その結果として、この制度は、高い失業率を改善するとともに、働き方の多様性まで生み出しました。パートタイムによって、育児や趣味などの時間を確保する人々も現れたのです。様々な課題はあるにせよ、オランダは、「世界で最も働く人を大切にする国」と言われるまでになりました。
 日本では、パートタイムの前提である「同一賃金・同一待遇」を確保できないために、導入は難しいとされています。しかし、`危機`だからこそ、制度を導入に向けて本格的に動く`チャンス`ではないでしょうか。もちろん、導入当初は、日本ならではの、多くの課題が出てくるでしょう。オランダでも、三十年という年月をかけて、フルタイムとパートタイム労働者の差別禁止法などを制定し、制度の不具合を細かく修正してきました。

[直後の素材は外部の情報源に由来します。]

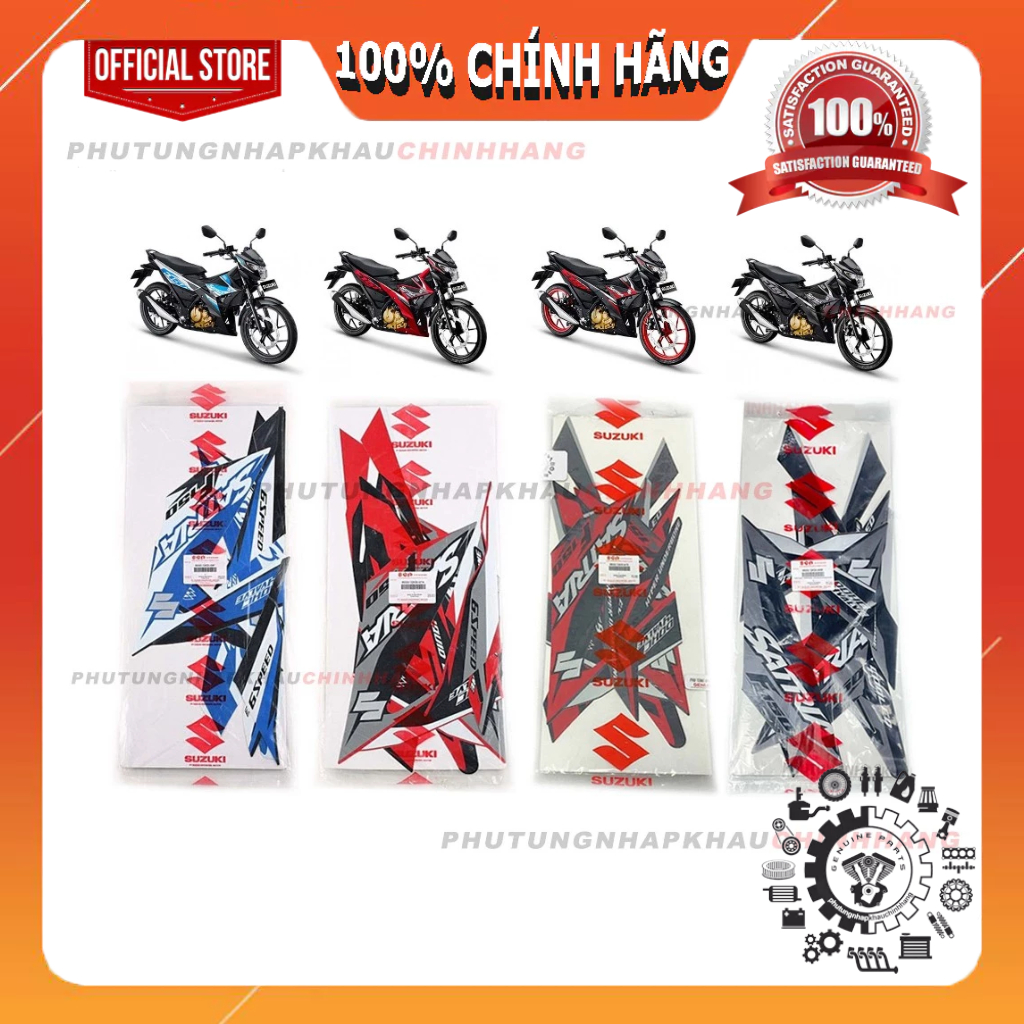 Bộ tem Satria Fi 2016 chính hãng - Tem xe zin Satria Fi Raider Fi 150 - 68000-12K00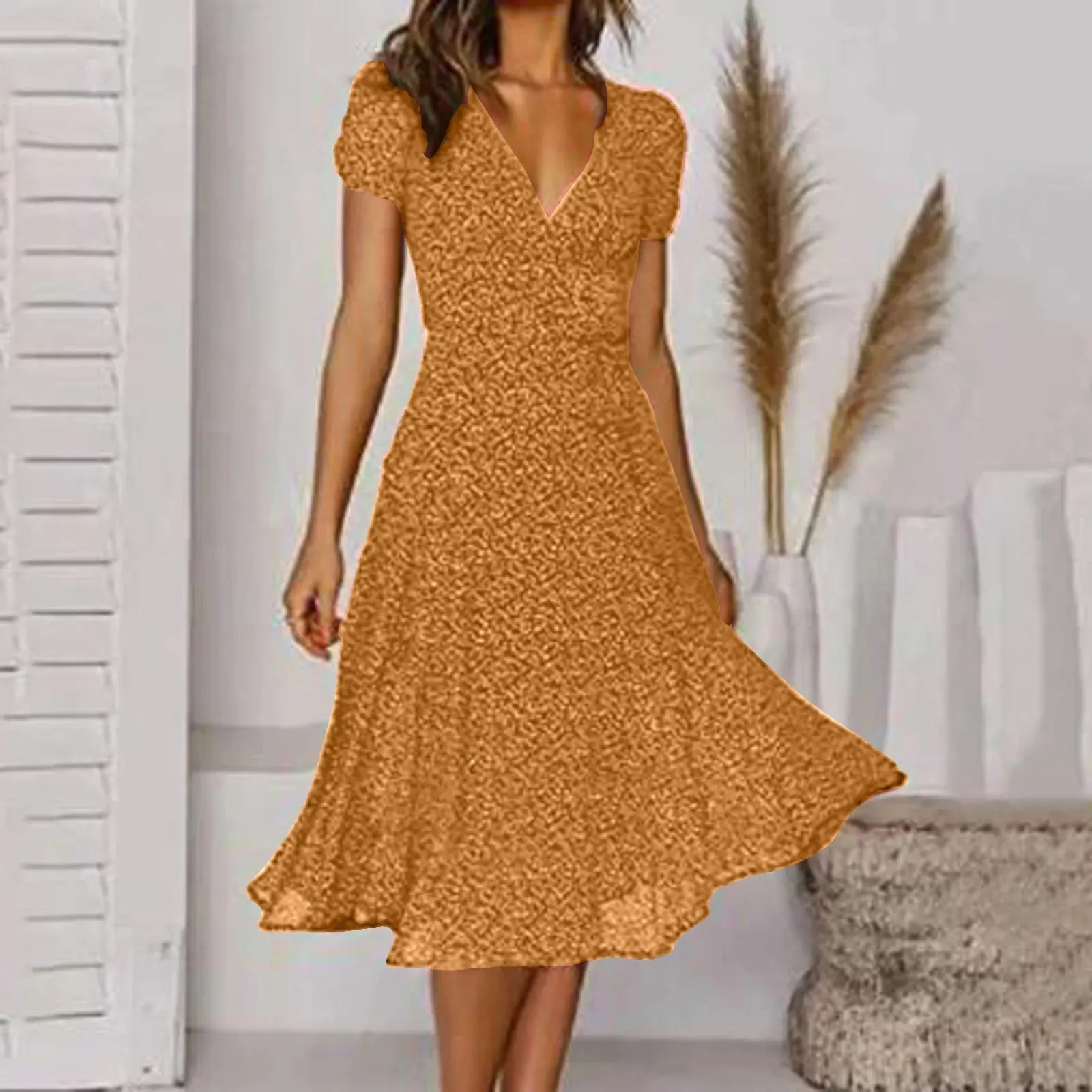 Bohemian Summer 2024 Short Sleeve V Neck Tie Waist A-Line Vacation Fashion Holiday Sun Midi Dress for Women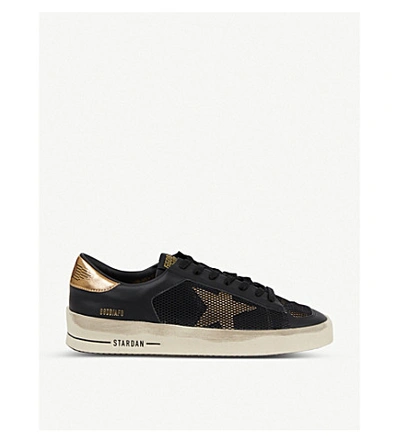 Golden Goose Stardan Leather Trainers In Black/gold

 北欧の制度、例えば、政治家のカネをめぐる情報公開制度、福祉・医療制度なども取材しましたが、頭の片隅には「日本への導入は難しいだろう」という考えがありました。いまどき「欧州を見習え」でもありません。それでも、政治や行政が健全ならば、新たな制度を導入し、軌道修正しながら「日本型」に築き上げていく、あるいは、効果が無ければ廃止する、そんなことができると思うのです。
 「分かち合い」という言葉は、「勝ち負け」や「生き残り」という言葉よりも、日本人にしっくりくるような気がします。近い将来、日本が「世界で最も働く人を大切にする経済大国」と呼ばれる日が来て欲しいと心から思っています。